Books

The Hollows by Mark Edwards

This new thriller by Mark Edwards takes place at an inland summer resort in the state of Maine. He takes advantage of Maine’s reputation as remote, dotted with lakes, and covered in deep forests to establish a bit of an other-worldly atmosphere. He doesn’t miss the economic straits and spotty wi-fi reception of the state’s rural parts, either.

To barely employed British music journalist Tom Anderson, who narrates many of the chapters in the first person, the idea of a vacation swimming and hiking with his 14-year-old daughter Frankie sounded ideal from the other side of the Atlantic. Since his divorce, she lives in Albany, New York, with her mother, and Tom’s time with her is precious and rare.

The resort is in the midst of a grand reopening when Tom and Frankie arrive, but what the owners and the slick brochures and website don’t reveal is that 20 years before, Hollow Falls was the site of a gruesome double murder. Two teachers chaperoning a group of middle school students were murdered, their naked bodies displayed on a large flat rock in a forest clearing, pagan symbols daubed in blood around them. The teachers were married, but not to each other, and had been carrying on a clandestine affair. Everyone suspected ‘the local weirdo’ of the crime, a goth and black-metal-music obsessed teenager named Everett Miller. But he disappeared and whether he fled south to New Hampshire or north to Canada, he was never seen again.

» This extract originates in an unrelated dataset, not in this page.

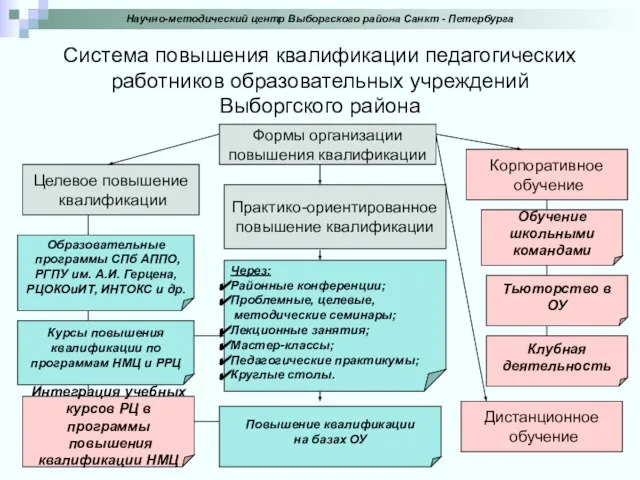 Система повышения квалификации педагогических работников образовательных учреждений Выборгского района Научно-методический центр Выборгского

Their suitcases aren’t out of the rental car before Tom begins to meet the family from the next-door cabin, David and Connie Butler, and their dreamboatish teenage son, Ryan. Connie is an expert on serial killers and true crime stories, and produces a popular podcast on the topic. They reveal that a great many of the Hollows guests that weekend are there for the anniversary. To Tom, this is a ghoulish preoccupation, and the Butlers’ delight in the details of the murders more than a little odd.

Still, he’s glad Frankie and Ryan hit it off and soon they go off to explore the campground together. They even venture several miles away to the nearest town, Penance, in search of an internet connection. There they meet a creepy boy and girl – twins– about their own age with unhealthily pale skin. Like teenage vampires, Frankie thinks. The twins tease Frankie and Ryan about ghosts. This isn’t the only rumour floating on the breeze in the Hollows. Some people seem to believe Everett Miller never really left and has been hiding in the woods all these years.

No wi-fi, no interesting stores. Ryan decides the town is a bust and when the pair of them do detect an internet signal at the back of the resort’s main building, he goes online with his pictures of Penance’s junkyard, homeless man and a diatribe against the crappy town.

This seems to trigger the initiation of a series of strange events. An eviscerated white rabbit – looking just like the one Frankie has at home – is found on the cabin’s front walk. Tom thinks he sees someone watching him, but the face is gone too fast, leaving an impression that isn’t human. Frankie is followed in the woods. After several of these events and vague warnings from people around them to leave the Hollows, Tom argues with himself about their significance. In the long tradition of horror fiction, he chooses to ignore the escalating threat. He and Frankie will stay.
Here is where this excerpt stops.